Rediscovering Lesbian Goddesses
It may be that Bona Dea was not a lesbian goddess in herself but it is true that her cult was specifically feminine and probably the debauchery and disinhibition that it is speculated that her rituals would have lesbian practices were an accepted part of her cult. With this in mind, if we think of other goddesses whose worship was reserved for women or whose court was only made up of female beings, we could think that they would also be goddesses who would have some kind of connection with lesbianism.
In the same way, we could consider Artemis (Diana for the Romans) as a goddess linked to lesbianism since her entourage could only be made up of nymphs, women and other female beings. In fact, the Dianic traditions, mostly made up solely of women, have Diana as their main goddess and in many of them they have exclusive spaces for lesbian women. Although also in many Dianic traditions the Goddess is considered only as a divine force and not a complementary energy, either the God or another goddess.
Even so, if we want to rescue the polarity of complementary energies in a couple of lesbian goddesses, we will have to reinterpret the canonical because, remember, it has only been written by men. There as the myth of Medusa has been recounted to claim female power, we can take into account the myth of Callisto to understand a lesbian love.
According to the original myth, Callisto was a huntress nymph of Artemis’s courtship, and to be part of that courtship, Callisto had taken a vow of chastity. However Zeus fell in love with her and adopted the form of Artemis to seduce Callisto of her and thus leaving her pregnant with Arcas, the hero who gave rise to the Arcadians. After getting pregnant we find different endings to her story: either Artemis discovers that she has broken her vow, transforms her into a bear and hunts her down; Artemis upon discovering that this pregnant woman asks her about it and she replies that it is because of Artemis herself, after which the goddess gets angry and ends up having a result similar to the previous one; or it is Hera, jealous of the infidelity of her husband that turns her into Osa.

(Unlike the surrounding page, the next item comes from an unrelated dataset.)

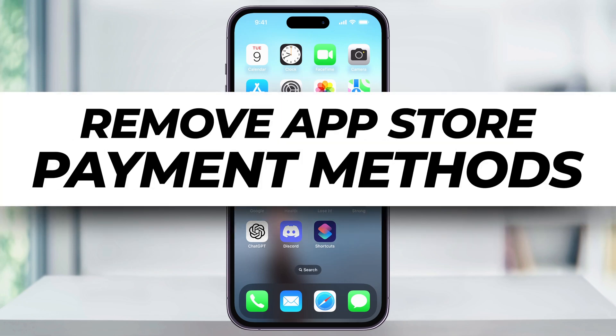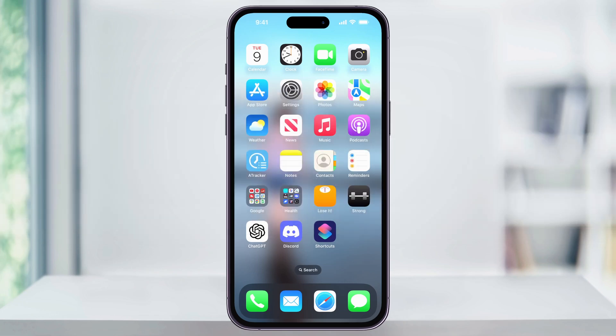Let me show you a quick, simple way to remove payment methods from the Apple App Store. Maybe you just got a new payment card, or possibly an old one that you used to use expired, and now you want to remove it from your account. Whatever the reason, it's pretty simple, so let's go ahead and get started.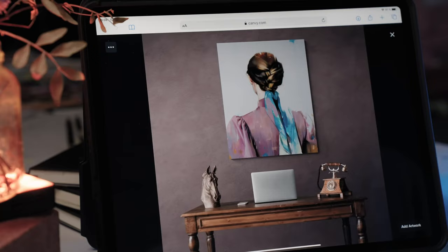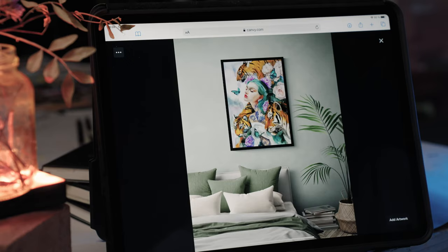Be it a loft, a gallery, or an urban apartment, with over 500 rooms, CanBe provides you with every interior design option you could possibly think of.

But in all versions, Callisto, transformed into a bear, ends up being raised her to the heavens as the Great Bear and her son, Arcas, as the Lesser Bear.
A new version that does not blame Callisto and that offers us a new vision of lesbian love could be the following. Callisto was in love with Artemis so she joined her entourage as a hunter. Callisto and Artemis loved each other and from her love Callisto became pregnant. Zeus jealous of her, because he had been rejected by Callisto, turns her into a bear. Callisto the bear wanders from her losing more and more of her humanity until she is hunted by hers of her own son her arks on a hunt. Callisto flees until entering a sacred enclosure of Zeus, in which even men were prohibited from entering, repentant, and after the plea of his daughter Artemis, Zeus ends up raising Callisto and his son to heaven, turning them into the Great Bear and the Lesser Bear.
This may be just one of the versions in which Artemis and Callisto are lovers and have a lesbian relationship. In the same way we can do this with other goddesses by investigating their origins, their cults, their myths and stories and through personal gnosis. All those goddesses who had no interest in men but were still goddesses of the earth, fertility or abundance at some point in their history can be a great connection between divinity and lesbian relationships.